_ABOUT THIS EXERCISE_: An exact copy of the records is required, minus the pictures they hold.

_GIVEN RECORDS_:
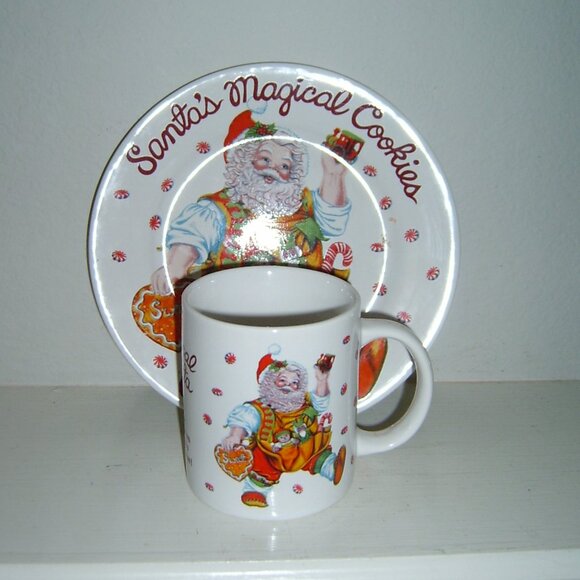 Santa’s Magical Cookies Coffee Mug & Plate Set Stoneware Sakura - Picture 2 of 4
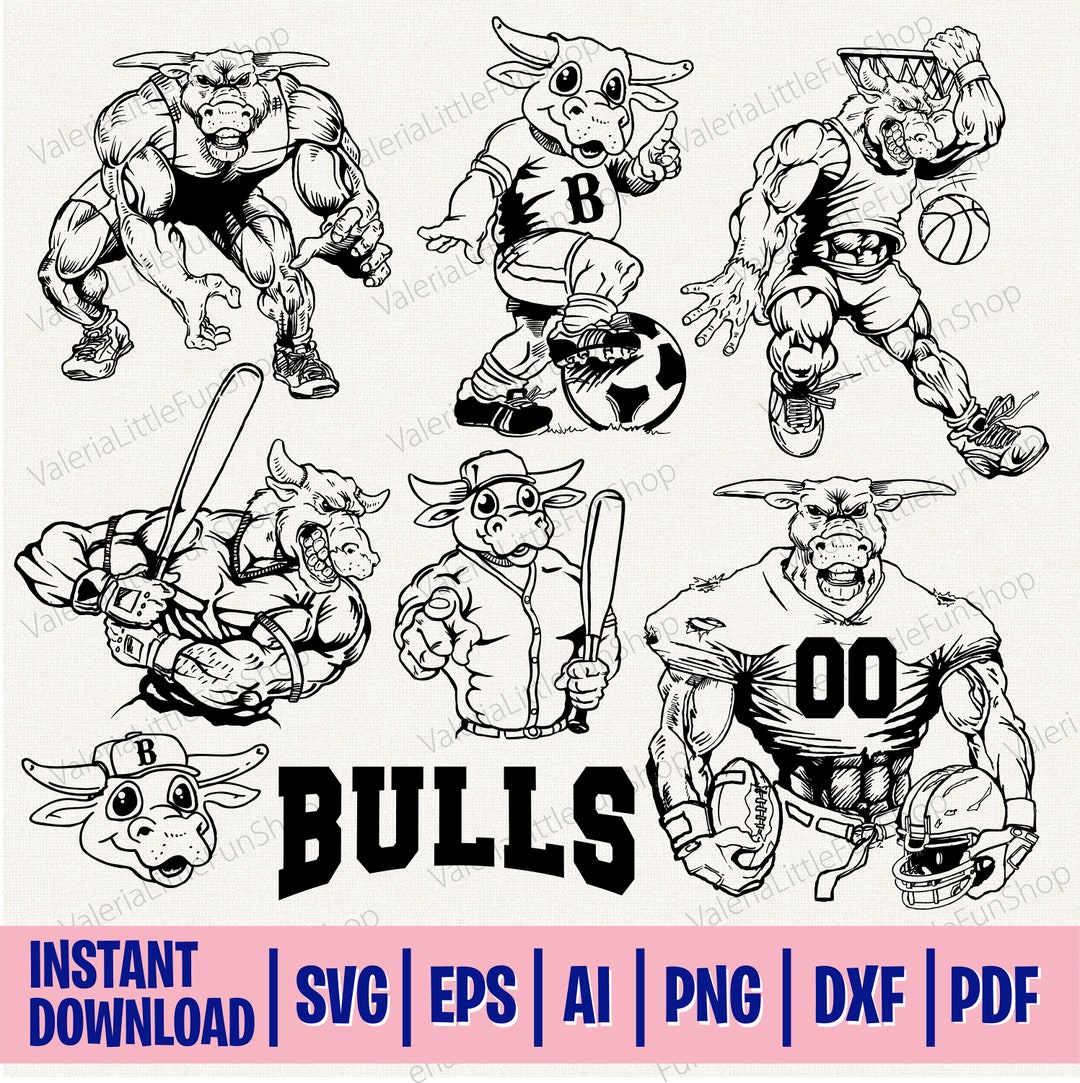 Bulls Digital Files Svg, Eps, Ai, Pdf, Png, Dxf - Etsy New Zealand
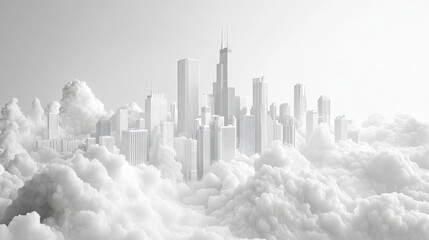 Naklejka premium conceptual 3D skyline of Chicago emerges from soft white clouds, showcasing modern architecture and serene atmosphere. scene evokes sense of tranquility and innovation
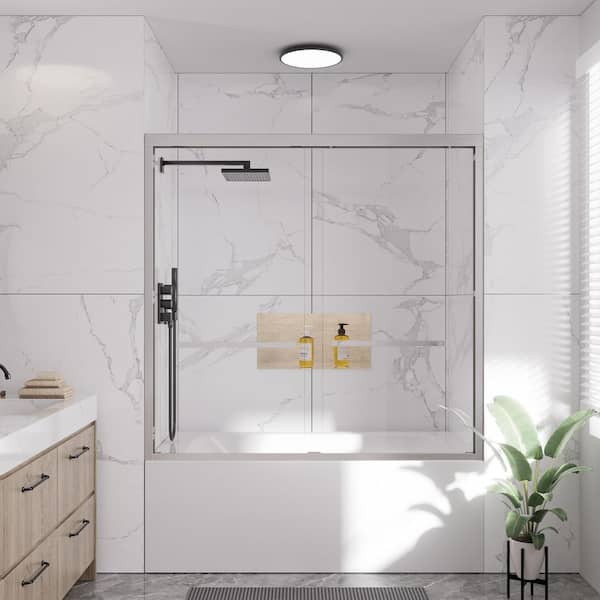 56-60 in. W x 58 in. H Double Sliding Framed Tub Door in Brushed Nickel with Tempered Clear Glass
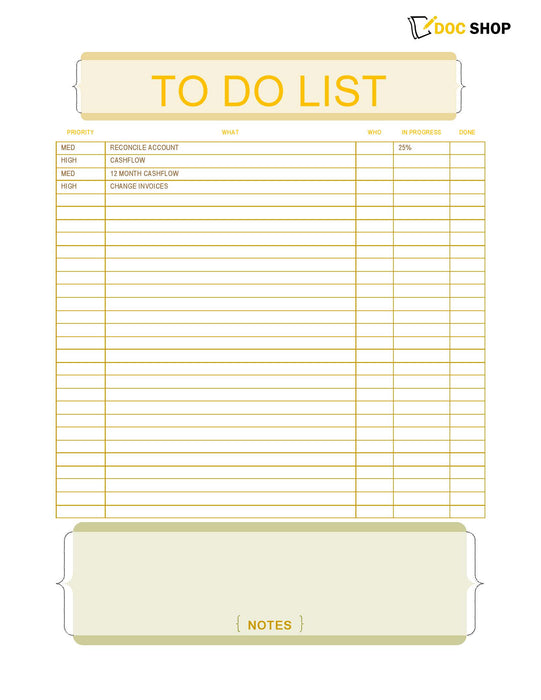 To Do List To Do List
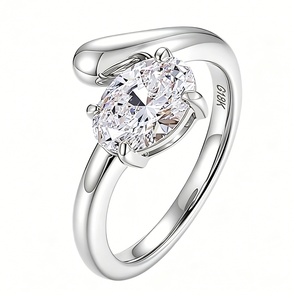 Custom Solid Gold Lab Grown Diamond Oval Row <b>Stacked</b> Wedding <b>Ring</b> Anniversary Fine Jewelry Unisex - Product Image 1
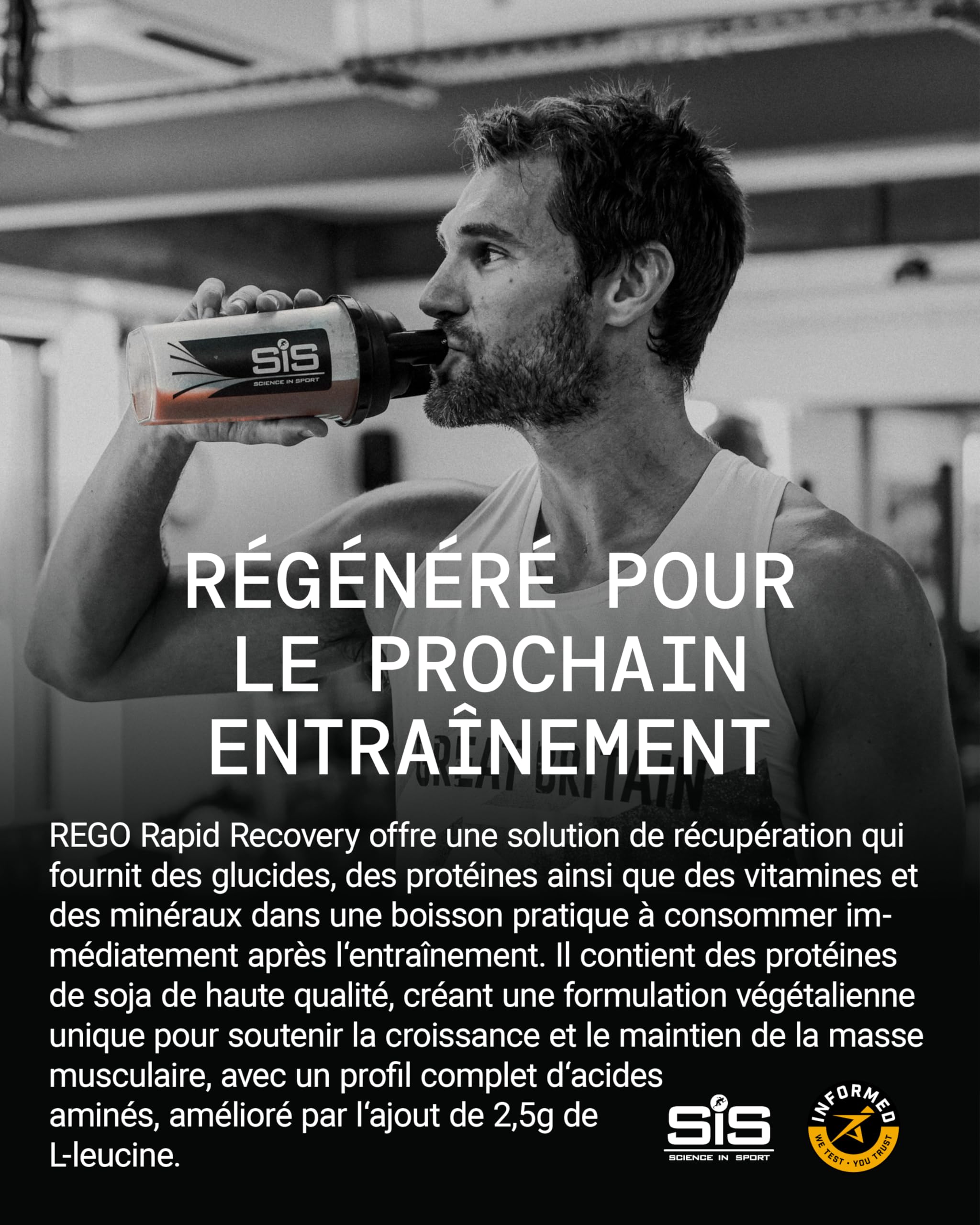 Science in Sport Rego Rapid Recovery Poudre 1,5kg Vanille Vegan - Poudre récupération avec glucides, protéines, électrolytes, vitamines et minéraux, soutient un entraînement efficace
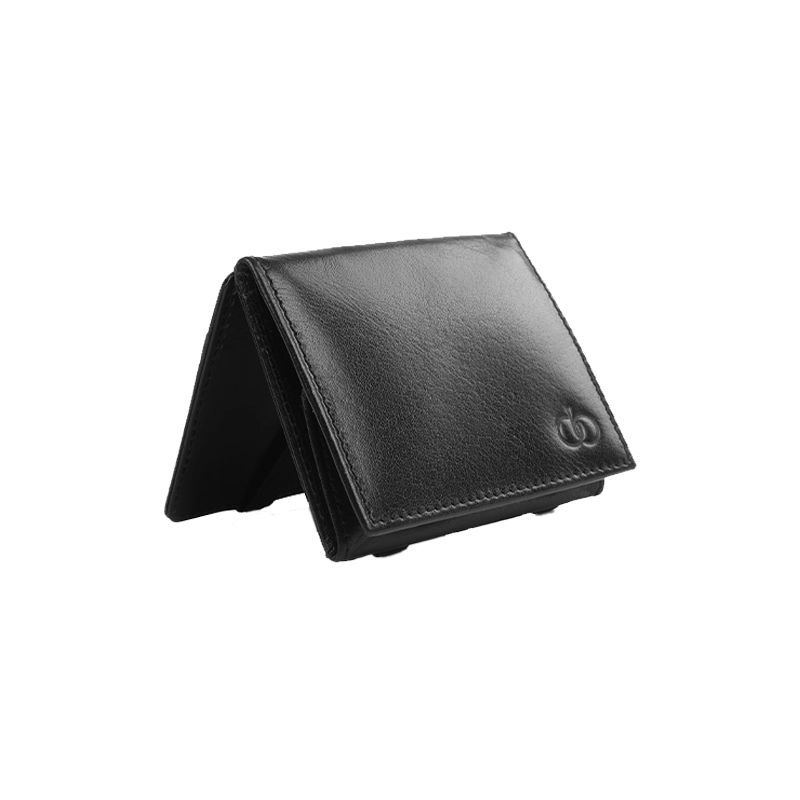 Leather Wallet for Men in Midnight Black, Magic by Obi Pelle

_EXERCISE RESPONSE_:
 Santa’s Magical Cookies Coffee Mug & Plate Set Stoneware Sakura - Picture 2 of 4
 Bulls Digital Files Svg, Eps, Ai, Pdf, Png, Dxf - Etsy New Zealand
 Naklejka premium conceptual 3D skyline of Chicago emerges from soft white clouds, showcasing modern architecture and serene atmosphere. scene evokes sense of tranquility and innovation
 56-60 in. W x 58 in. H Double Sliding Framed Tub Door in Brushed Nickel with Tempered Clear Glass
 To Do List To Do List
 Custom Solid Gold Lab Grown Diamond Oval Row <b>Stacked</b> Wedding <b>Ring</b> Anniversary Fine Jewelry Unisex - Product Image 1
 Science in Sport Rego Rapid Recovery Poudre 1,5kg Vanille Vegan - Poudre récupération avec glucides, protéines, électrolytes, vitamines et minéraux, soutient un entraînement efficace
 Leather Wallet for Men in Midnight Black, Magic by Obi Pelle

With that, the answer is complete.